The following are the assertions that auditors should consider when conducting audit procedures for fixed assets:

  1. Existence: the fixed assets exist and are owned by the company
  2. Completeness: all fixed assets that should be included in the financial statements are included.
  3. Valuation: fixed assets are recorded at their correct value.
  4. Rights and obligations: the company has legal ownership and rights to use fixed assets.
  5. Presentation and disclosure: fixed assets are properly presented and disclosed in the financial statements.

Walkthrough Testing

When conducting walkthrough testing for fixed assets, auditors should consider the following:

  1. Review the company’s fixed asset policies and procedures.
  2. Identify the personnel responsible for managing fixed assets and their roles and responsibilities.
  3. Trace a sample of fixed assets from acquisition to disposal.
  4. Review the company’s capitalization policy and ensure it is being followed correctly.
  5. Obtain a copy of the fixed asset register and compare it to the general ledger.
  6. Review the company’s depreciation policy and ensure it is being applied consistently.

Test of Control

The following are some of the tests of controls that auditors can perform when conducting audit procedures for fixed assets:

  1. Inspect fixed assets to ensure they exist and are in good condition
  2. Review purchase orders and invoices to ensure that fixed assets are properly authorized and recorded.
  3. Review the company’s fixed asset policies and procedures to ensure they are followed.
  4. Review the company’s segregation of duties policy to ensure adequate controls over the fixed asset process.
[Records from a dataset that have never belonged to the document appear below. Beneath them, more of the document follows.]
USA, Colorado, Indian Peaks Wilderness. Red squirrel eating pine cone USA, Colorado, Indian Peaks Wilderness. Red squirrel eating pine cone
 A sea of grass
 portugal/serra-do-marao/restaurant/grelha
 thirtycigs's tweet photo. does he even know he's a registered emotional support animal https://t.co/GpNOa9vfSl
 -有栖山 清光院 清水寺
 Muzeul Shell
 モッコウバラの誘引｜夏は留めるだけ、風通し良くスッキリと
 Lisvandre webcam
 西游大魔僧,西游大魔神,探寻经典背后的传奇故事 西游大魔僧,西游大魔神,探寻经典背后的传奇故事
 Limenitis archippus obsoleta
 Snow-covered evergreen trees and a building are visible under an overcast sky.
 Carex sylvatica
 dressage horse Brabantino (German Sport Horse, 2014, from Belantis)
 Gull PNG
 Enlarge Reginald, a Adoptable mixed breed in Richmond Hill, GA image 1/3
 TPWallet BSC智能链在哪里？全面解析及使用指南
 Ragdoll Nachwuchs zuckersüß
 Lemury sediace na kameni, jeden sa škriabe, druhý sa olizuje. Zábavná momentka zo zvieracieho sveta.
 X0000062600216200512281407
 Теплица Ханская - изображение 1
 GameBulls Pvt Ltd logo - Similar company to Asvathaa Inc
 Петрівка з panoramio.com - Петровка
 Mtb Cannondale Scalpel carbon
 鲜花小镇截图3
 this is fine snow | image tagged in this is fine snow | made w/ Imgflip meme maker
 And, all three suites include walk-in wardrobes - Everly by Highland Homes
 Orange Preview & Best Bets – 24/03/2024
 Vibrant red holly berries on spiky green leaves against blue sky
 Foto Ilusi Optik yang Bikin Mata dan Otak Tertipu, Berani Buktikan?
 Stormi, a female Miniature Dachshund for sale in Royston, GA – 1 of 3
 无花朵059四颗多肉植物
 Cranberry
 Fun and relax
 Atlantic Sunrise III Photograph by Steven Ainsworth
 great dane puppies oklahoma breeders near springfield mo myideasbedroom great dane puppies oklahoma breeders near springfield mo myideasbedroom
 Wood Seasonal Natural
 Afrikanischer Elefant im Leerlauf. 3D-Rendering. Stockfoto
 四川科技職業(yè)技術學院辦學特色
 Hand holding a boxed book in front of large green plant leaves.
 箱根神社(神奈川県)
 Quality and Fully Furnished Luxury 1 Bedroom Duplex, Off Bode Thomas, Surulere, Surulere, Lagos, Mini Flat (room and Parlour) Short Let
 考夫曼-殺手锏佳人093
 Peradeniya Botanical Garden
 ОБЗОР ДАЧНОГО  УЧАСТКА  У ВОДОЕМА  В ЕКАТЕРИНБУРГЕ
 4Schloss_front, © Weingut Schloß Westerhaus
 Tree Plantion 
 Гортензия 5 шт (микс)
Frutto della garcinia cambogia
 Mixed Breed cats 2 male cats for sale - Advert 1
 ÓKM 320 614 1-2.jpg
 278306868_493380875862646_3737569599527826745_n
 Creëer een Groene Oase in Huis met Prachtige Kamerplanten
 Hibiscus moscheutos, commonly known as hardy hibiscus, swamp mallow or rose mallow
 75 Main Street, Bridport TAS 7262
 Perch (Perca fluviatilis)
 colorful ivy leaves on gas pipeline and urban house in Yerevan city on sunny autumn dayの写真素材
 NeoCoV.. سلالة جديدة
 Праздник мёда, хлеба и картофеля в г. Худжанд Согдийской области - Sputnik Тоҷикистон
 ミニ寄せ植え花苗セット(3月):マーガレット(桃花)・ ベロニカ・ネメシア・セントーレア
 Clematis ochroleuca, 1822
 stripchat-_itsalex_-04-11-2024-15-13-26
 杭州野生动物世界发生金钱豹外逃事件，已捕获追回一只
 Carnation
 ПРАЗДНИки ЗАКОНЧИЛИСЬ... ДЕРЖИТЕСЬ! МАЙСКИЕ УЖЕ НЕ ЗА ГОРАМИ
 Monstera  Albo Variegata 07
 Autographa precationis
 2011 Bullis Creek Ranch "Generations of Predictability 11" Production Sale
Substantive Audit Procedures

The following are some of the substantive audit procedures that auditors can perform when conducting audit procedures for fixed assets:

  1. Verify the existence of fixed assets: Physically inspect the fixed assets and compare them to the fixed assets register to ensure that all assets are present and accounted for.
  2. Test depreciation calculations: Check the calculation of depreciation on a sample of fixed assets to ensure that it has been accurately calculated and recorded in the financial statements.
  3. Review capital expenditure: Check for any capital expenditures recorded as expenses in the current year or prior years, as these expenditures should have been capitalized and depreciated.
  4. Confirm the ownership of fixed assets: Obtain ownership documents and verify that the assets are properly recorded in the company’s fixed assets register.
  5. Impairment test: Check whether there is any indication that fixed assets are impaired and assess the adequacy of the impairment loss.
  6. Test the completeness of fixed asset records: Compare the fixed assets register to the general ledger and ensure that all fixed assets have been recorded in the financial statements.
  7. Test the accuracy of fixed asset records: Check whether the fixed assets have been recorded at their correct cost and that depreciation has been calculated accurately.
  8. Review lease agreements: Review lease agreements for any terms that may impact the recognition, measurement, or disclosure of fixed assets.
  9. Review disposal of fixed assets: Check that the disposal of fixed assets has been properly recorded and that the proceeds from the disposal have been appropriately accounted for.
  10. Review the fixed assets policy: Check the company’s fixed asset policy for compliance with IFRS, and ensure that the policy is being followed consistently across the company.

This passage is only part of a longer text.